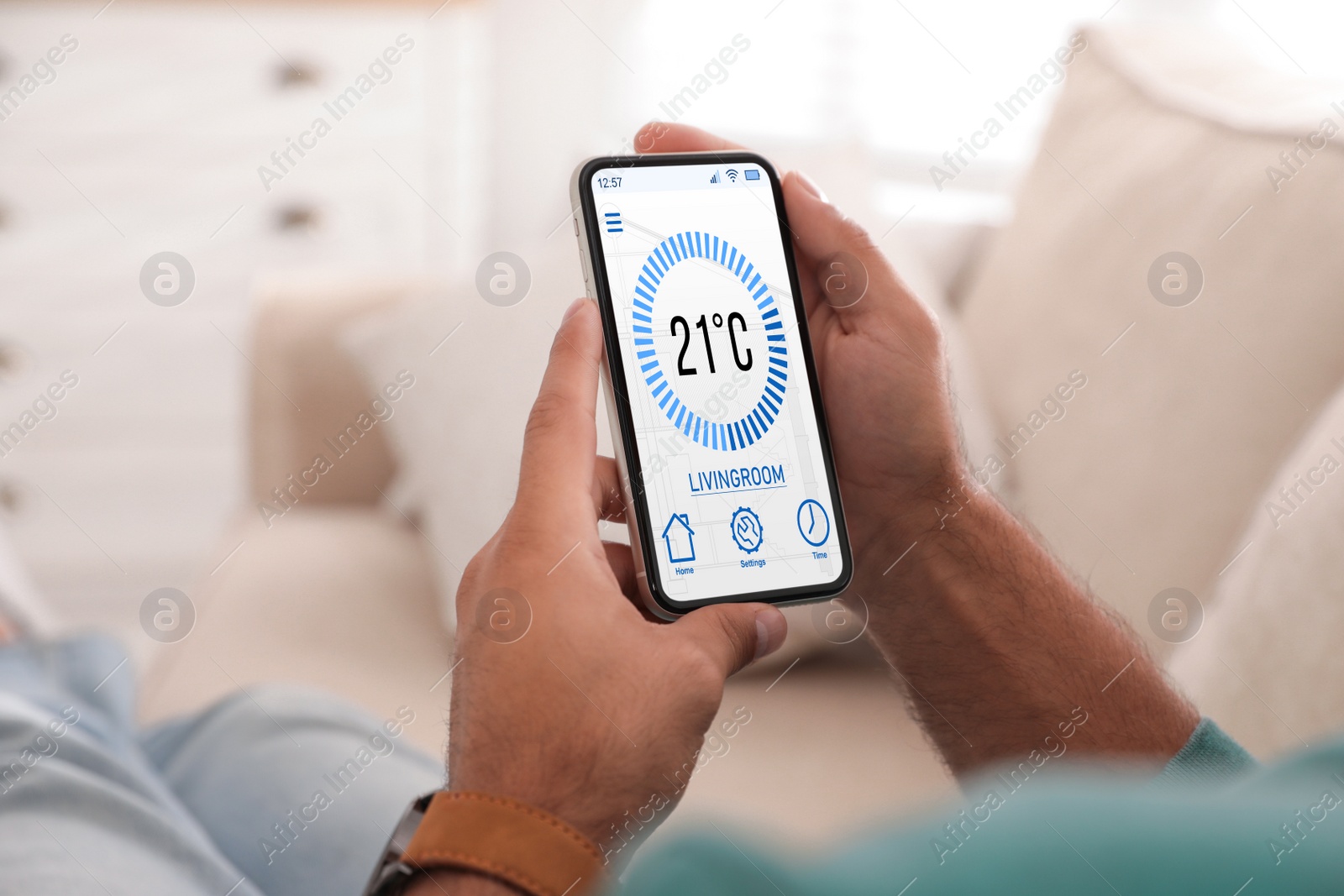 Image of Man using smartphone to control heating system in house, closeup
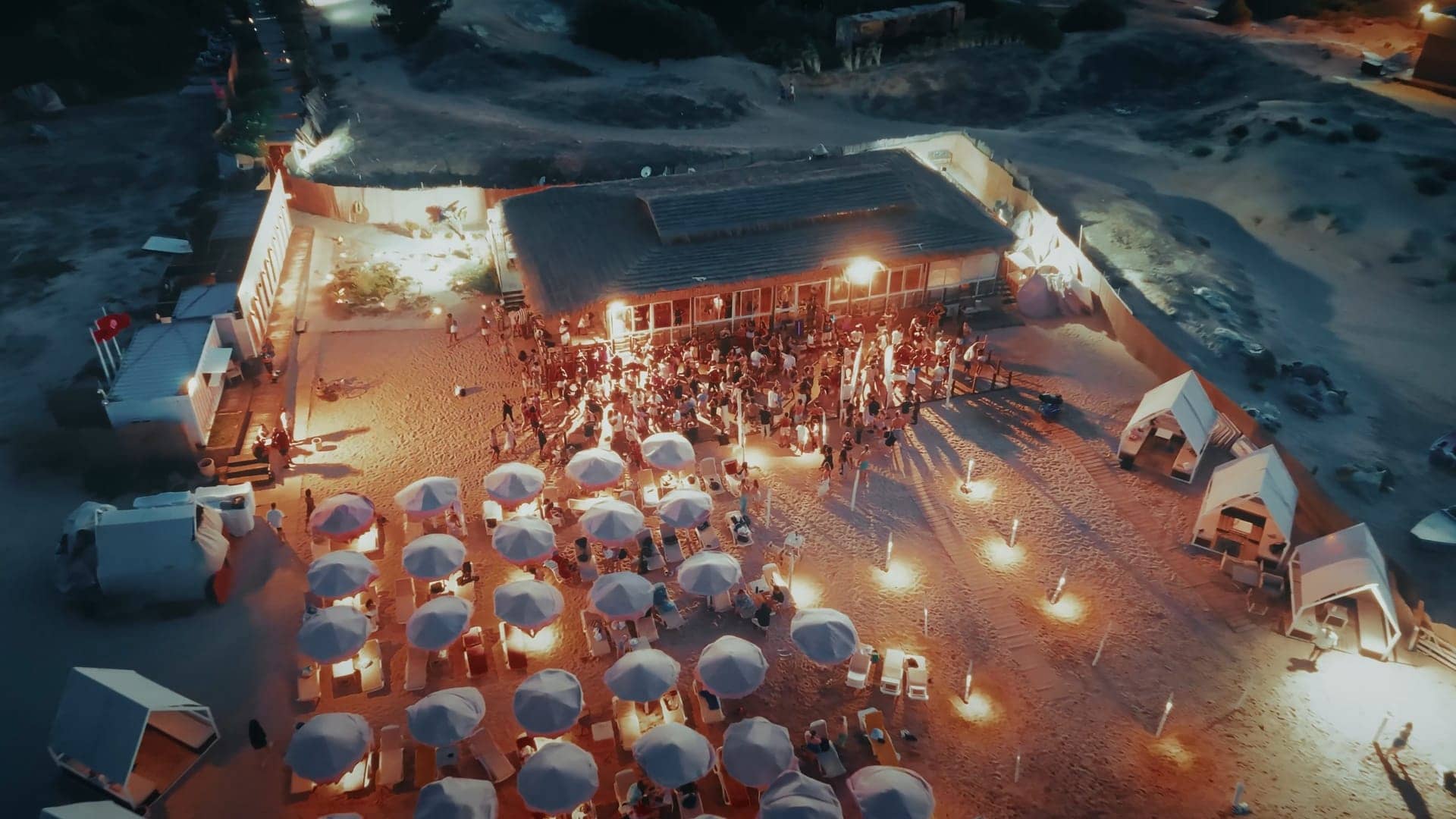Aerial view of the beachfront party at dusk, umbrellas and festival lights below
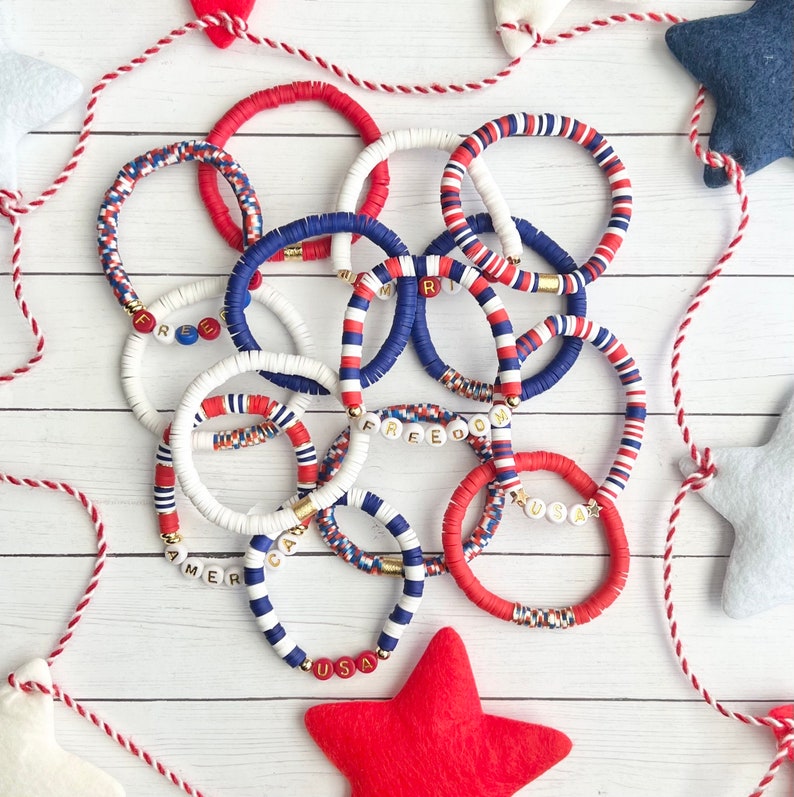 K&ouml;nnte beinhalten: Eine Sammlung von rot-wei&szlig;-blauen Armb&auml;ndern mit goldenen Buchstaben, die "USA", "FREEDOM", "R", "AMER" und "CA" buchstabieren. Die Armb&auml;nder bestehen aus bunten Perlen und sind auf einer wei&szlig;en Holzoberfl&auml;che gestapelt.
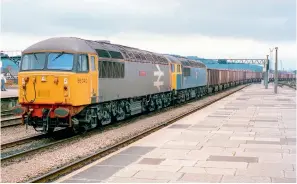  ??  ?? LEFT: Hauling another load of iron ore from Port Talbot to Llanwern, 56040 Oystermout­h leads 56031 Merehead through Cardiff Central on July 16, 1987. At this time, the South Wales PTAs still carried their original grey and orange livery, by now somewhat weatherbea­ten, but repaints into the blue scheme would be underway the following year. (Simon Bendall Collection)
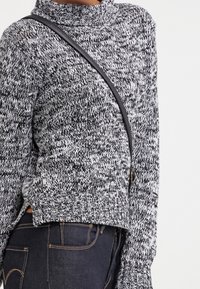 Maglione lavorato a maglia con un alto motivo testurizzato in bianco e nero, con fessure laterali e una vestibilità rilassata. Abbinato a jeans in denim scuri e una borsa a tracolla.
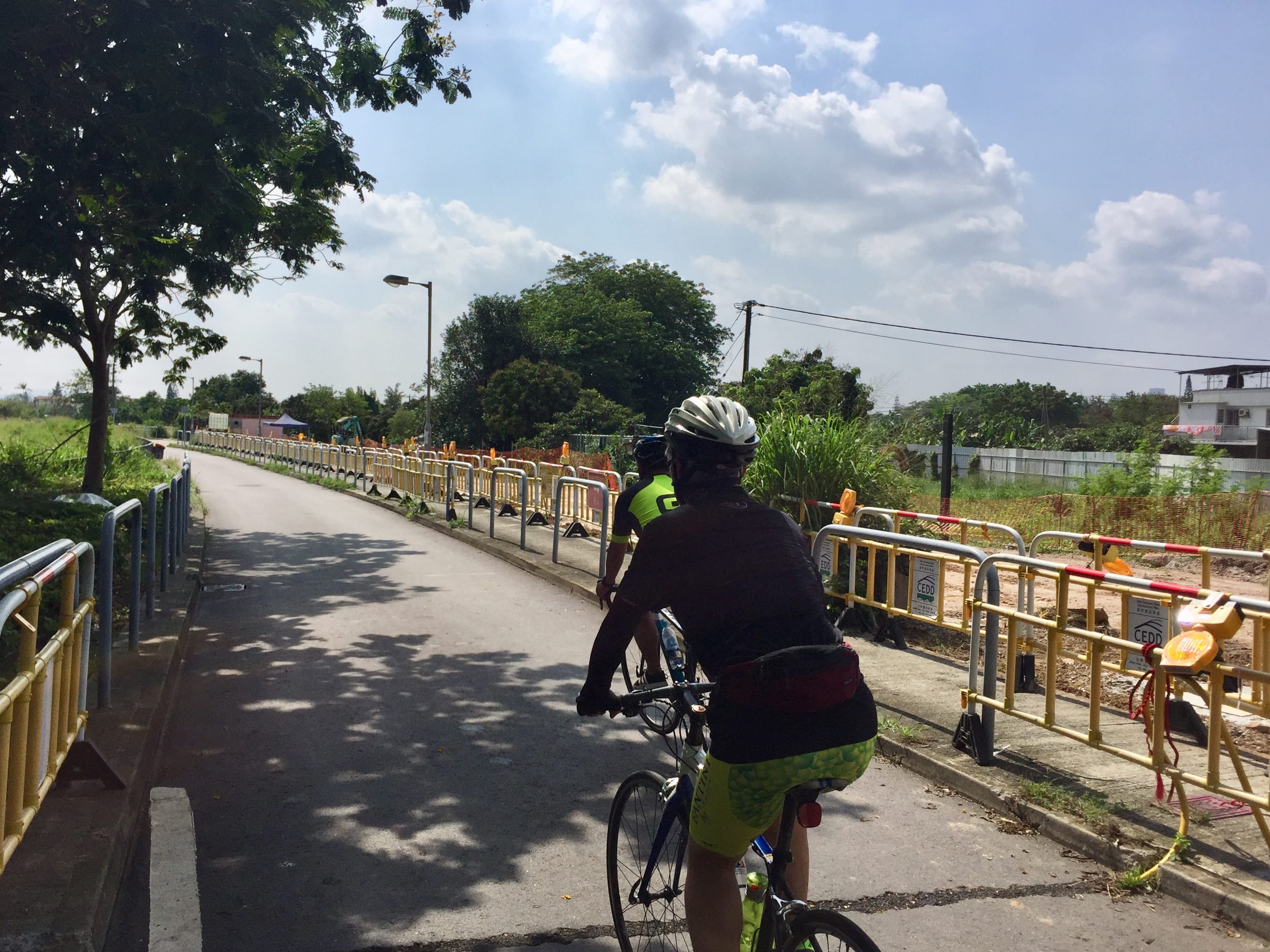 Riding along Yau Pok Road to today's destination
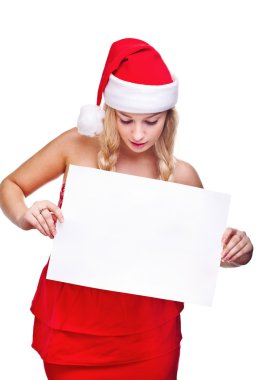 Noel Baba şapkası boş tahta tutan kadın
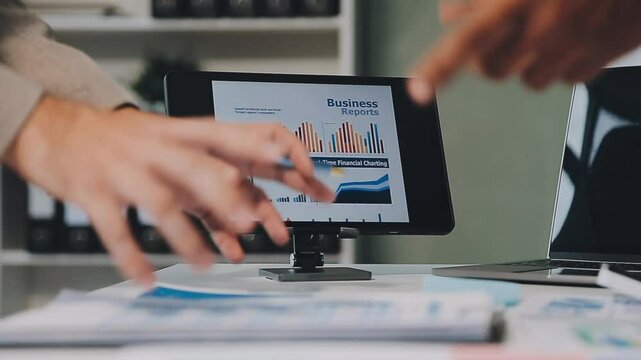 Business meeting time,business account managers crew working with new startup project,report analysis cost graph on desk at meeting room.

◇ ◇ ◇

- [What you will do]
Leaving every picture out, return the lines from the one containing "Aerial view of" through the last line of the records exactly.

- [Written response]
Aerial view of the beachfront party at dusk, umbrellas and festival lights below
 K&ouml;nnte beinhalten: Eine Sammlung von rot-wei&szlig;-blauen Armb&auml;ndern mit goldenen Buchstaben, die "USA", "FREEDOM", "R", "AMER" und "CA" buchstabieren. Die Armb&auml;nder bestehen aus bunten Perlen und sind auf einer wei&szlig;en Holzoberfl&auml;che gestapelt.
  ??  ?? LEFT: Hauling another load of iron ore from Port Talbot to Llanwern, 56040 Oystermout­h leads 56031 Merehead through Cardiff Central on July 16, 1987. At this time, the South Wales PTAs still carried their original grey and orange livery, by now somewhat weatherbea­ten, but repaints into the blue scheme would be underway the following year. (Simon Bendall Collection)
 Maglione lavorato a maglia con un alto motivo testurizzato in bianco e nero, con fessure laterali e una vestibilità rilassata. Abbinato a jeans in denim scuri e una borsa a tracolla.
 Riding along Yau Pok Road to today's destination
 Noel Baba şapkası boş tahta tutan kadın
 Business meeting time,business account managers crew working with new startup project,report analysis cost graph on desk at meeting room.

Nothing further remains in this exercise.